- Between January 2025 and March 2026, the U.S. average applied tariff rose sharply, reaching more than 15% by March 2026.
- Under sustained policy uncertainty, the legally durable instruments — such as Section 232 — captured a rising share of aggregate protection and came to dominate the residual structure once the emergency IEEPA layer was removed.
- A counterfactual general-equilibrium analysis indicates that a legally durable Section 301 regime could approximate the tariff regime in force in November 2025, on the reindustrialisation objective, without recourse to legally fragile emergency instruments.
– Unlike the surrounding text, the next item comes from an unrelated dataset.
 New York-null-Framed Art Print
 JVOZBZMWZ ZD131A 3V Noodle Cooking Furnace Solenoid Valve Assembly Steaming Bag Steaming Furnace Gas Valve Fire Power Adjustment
- The resulting gains in manufacturing value added reflect a sectoral reallocation achieved at an aggregate cost — U.S. GDP declines — while the cross-country incidence is governed as much by instrument design as by the average tariff level.
This paper asks how a legally durable tariff regime could reproduce the "ideal" structure that the second Trump administration had assembled by November 2025 high, country-differentiated tariffs combining Section 232 protection, IEEPA reciprocal tariffs and framework deals — after the Supreme Court struck down the IEEPA tariffs in February 2026. From a product-level database of every U.S. tariff action of 2025–2026, I distinguish each statutory instrument and assess five configurations through counterfactual general-equilibrium analysis, measuring how far each realistic, durable regime stands from that November 2025 target and through which instrument the administration could return to it. Every configuration lowers U.S. GDP (by 0.37 to 1.37%) while improving the terms of trade; but on the metric tied to the stated objective — the reindustrialisation of manufacturing — a prospective, legally durable Section 301 regime can produce similar results to those of the target, raising U.S. manufacturing value added by +3.6% against +4.4% for the November 2025 hybrid and +1.9% for Section 232 alone. Instrument design — coverage breadth and partner targeting — matters as much as the average tariff level for the cross-country incidence, targeted Section 301 tariffs creating winners among non-targeted economies while broad-based configurations produce near-universal losses.